◆ WORK INSTRUCTIONS
Each record, minus any picture, should be returned exactly as written.

(PROVIDED RECORDS begins)

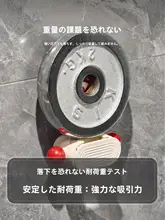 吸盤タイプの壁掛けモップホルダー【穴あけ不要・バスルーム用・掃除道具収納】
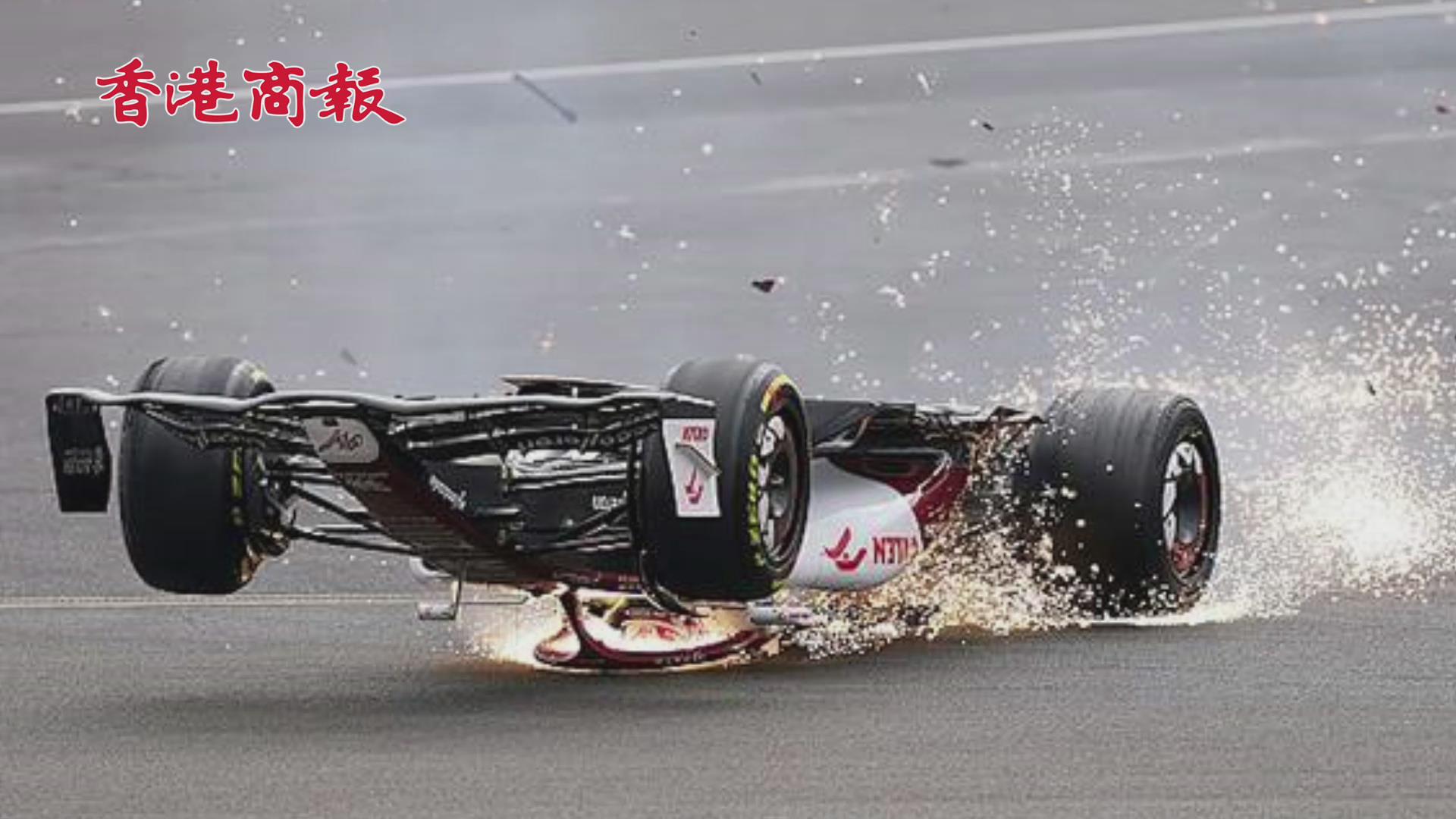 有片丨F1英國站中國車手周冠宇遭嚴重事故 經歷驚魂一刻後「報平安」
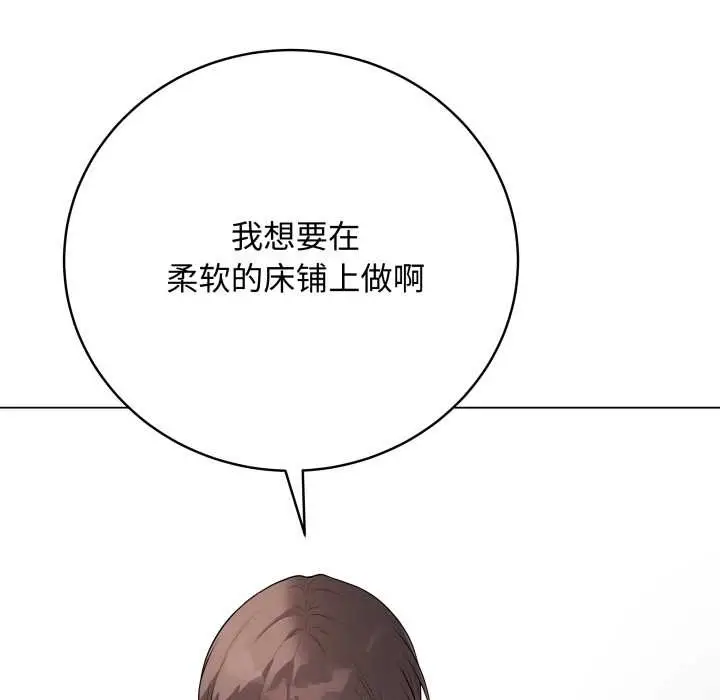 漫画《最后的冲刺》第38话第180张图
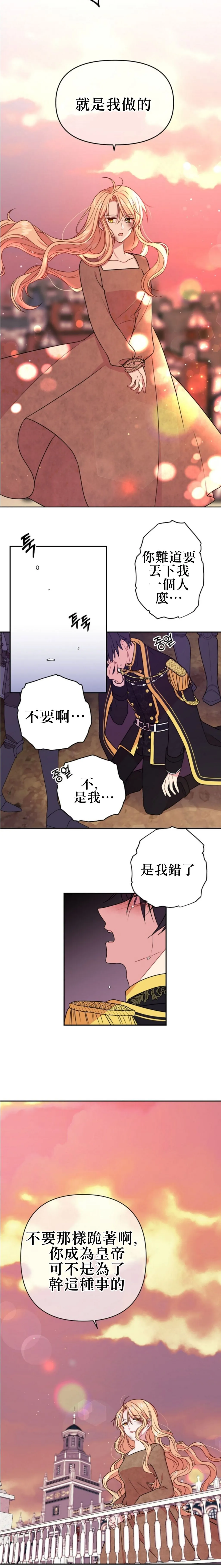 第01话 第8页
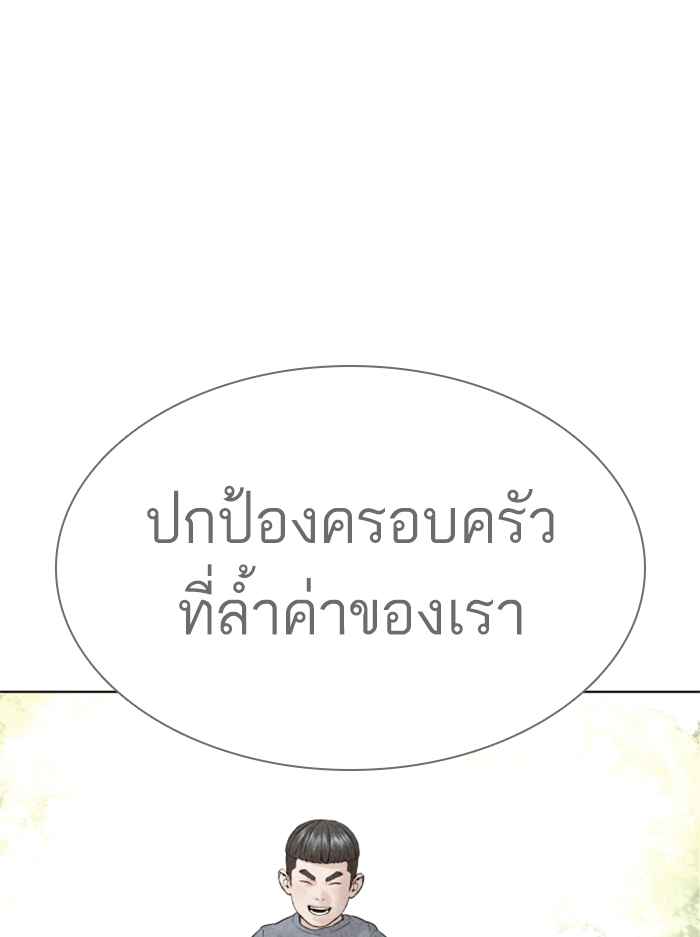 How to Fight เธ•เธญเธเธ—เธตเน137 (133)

(PROVIDED RECORDS ends)

◆ ANSWER BOX
 吸盤タイプの壁掛けモップホルダー【穴あけ不要・バスルーム用・掃除道具収納】
 有片丨F1英國站中國車手周冠宇遭嚴重事故 經歷驚魂一刻後「報平安」
 漫画《最后的冲刺》第38话第180张图
 第01话 第8页
 How to Fight เธ•เธญเธเธ—เธตเน137 (133)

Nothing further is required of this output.